Among the entries below, how many lines contain the string "Towel"? Only the number is wanted.

*** Opening Information ***

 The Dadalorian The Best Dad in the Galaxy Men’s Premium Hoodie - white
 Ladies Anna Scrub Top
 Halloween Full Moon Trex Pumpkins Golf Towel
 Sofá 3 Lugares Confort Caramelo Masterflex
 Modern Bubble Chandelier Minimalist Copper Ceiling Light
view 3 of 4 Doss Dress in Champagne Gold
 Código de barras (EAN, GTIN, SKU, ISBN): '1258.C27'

*** Closing Information ***
*** Opening Information ***

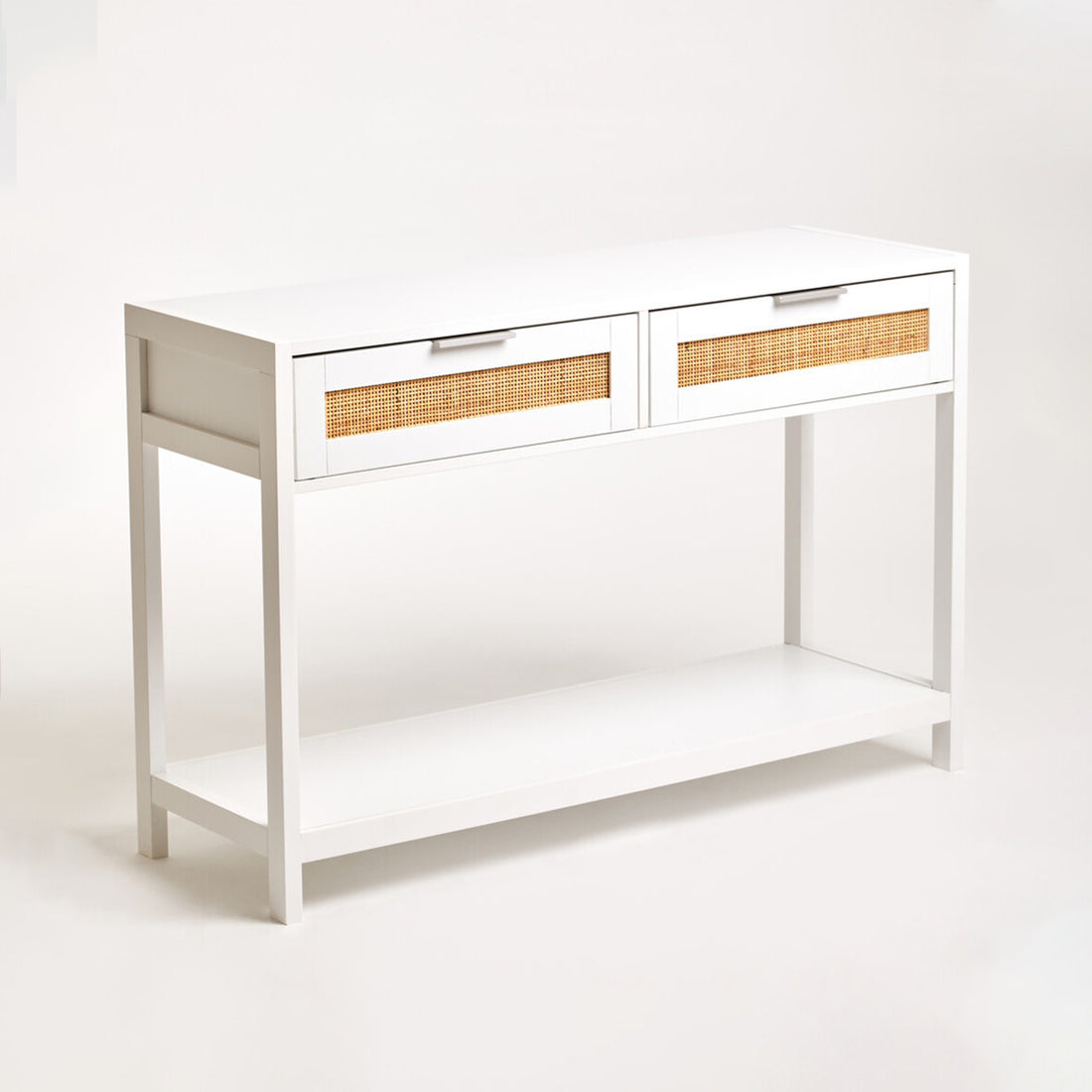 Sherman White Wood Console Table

*** Closing Information ***
*** Opening Information ***

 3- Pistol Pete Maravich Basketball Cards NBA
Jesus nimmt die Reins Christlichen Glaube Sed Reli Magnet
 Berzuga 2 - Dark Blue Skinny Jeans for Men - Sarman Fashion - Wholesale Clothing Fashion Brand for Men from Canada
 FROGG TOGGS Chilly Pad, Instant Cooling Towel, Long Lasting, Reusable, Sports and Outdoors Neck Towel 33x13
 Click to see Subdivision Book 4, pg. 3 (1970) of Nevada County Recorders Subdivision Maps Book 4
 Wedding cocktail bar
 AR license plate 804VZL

*** Closing Information ***

## Solution for this exercise
2